The obtained polylactic acid composition is injection molded at a cylinder temperature of 200 ° C. to 230 ° C. and a mold temperature of 30 ° C. or 120 ° C. using an injection molding machine (ES200 / 60 HLST manufactured by ENGEL) to obtain molded products for various evaluations. It was.

Claims (10)

Polylactic acid composition comprising polylactic acid (component A) having a melting point of 190 ° C. or higher, polylactic acid (component B) having a melting point of less than 190 ° C., and a compound (C component) containing a glycidyl group represented by the following formula (1) object.

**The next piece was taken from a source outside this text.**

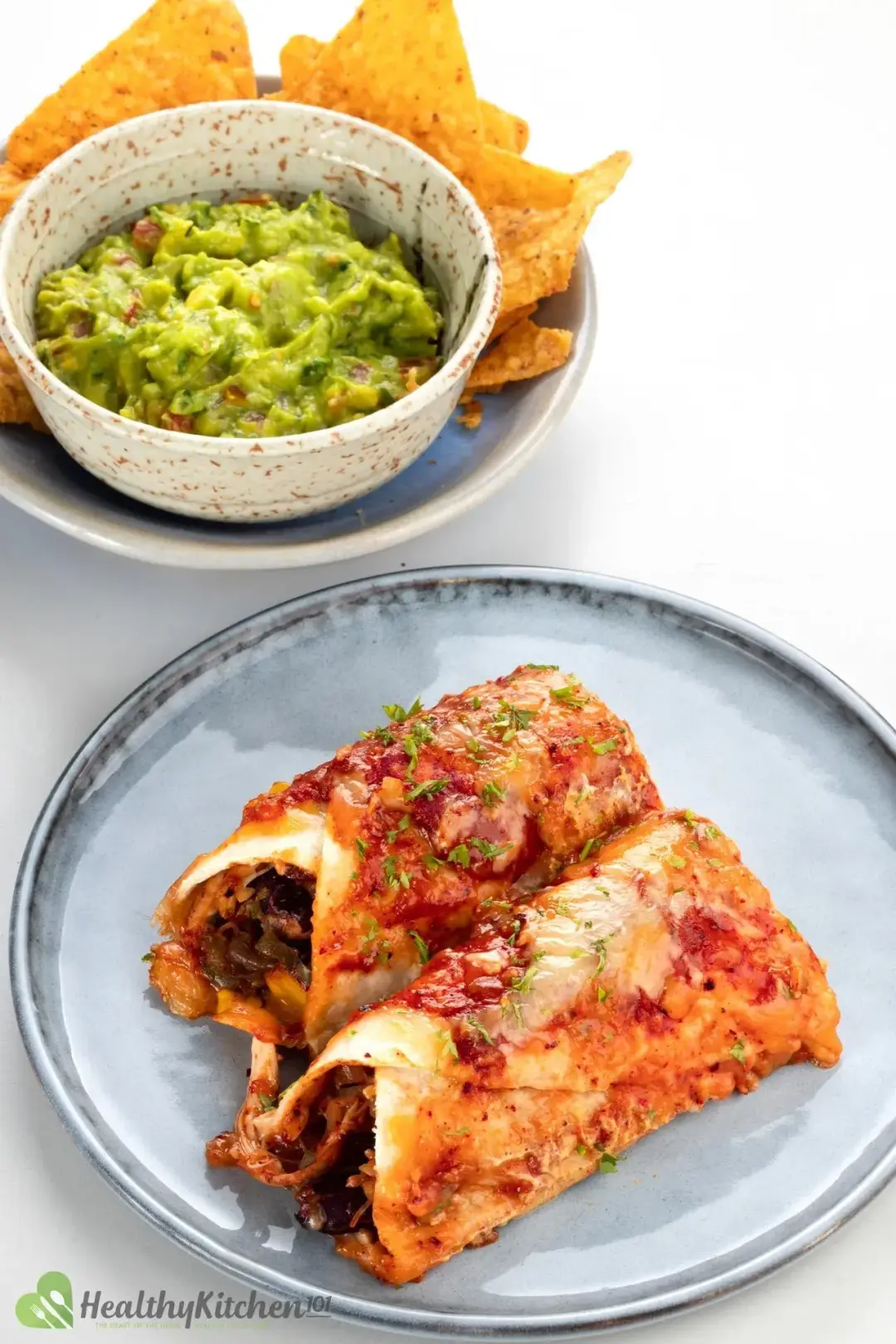 Two golden enchiladas with cheese and tomato sauce next to chips and guacamole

The poly milk fat composition according to claim 1, wherein the component A forms a stereocomplex crystal. The polylactic acid composition according to claim 2, wherein the stereogenicity of the component A is 90% or more. The polylactic acid composition according to claim 1, wherein the component A comprises poly L lactic acid having a weight average molecular weight of 150,000 to 250,000 and poly D lactic acid having a weight average molecular weight of 130,000 to 160,000. The polylactic acid composition according to claim 1, wherein the component B is poly L-lactic acid having a weight average molecular weight of 150,000 to 250,000. The polylactic acid composition according to claim 1, wherein the component B is poly-D lactic acid having a weight average molecular weight of 150,000 to 250,000. The polylactic acid composition according to claim 1, wherein the component C is a polymer containing repeating units represented by the following formulas (2), (3) and (4).

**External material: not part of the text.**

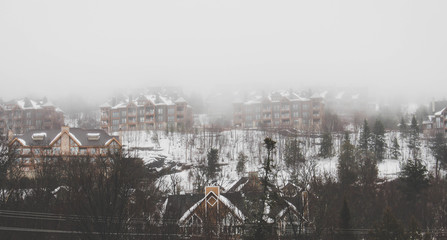 Fototapeta na wymiar winter mountain landscape with houses and trees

The polylactic acid composition according to claim 1, comprising 5 to 800 parts by weight of the B component and 5 to 300 parts by weight of the C component with respect to 100 parts by weight of the A component. A molded article comprising the polylactic acid composition according to claim 1. Melting and kneading polylactic acid (component A) having a melting point of 190 ° C. or higher, polylactic acid (component B) having a melting point of less than 190 ° C., and a compound (C component) containing a glycidyl group represented by the following formula (1) A method for producing a polylactic acid composition.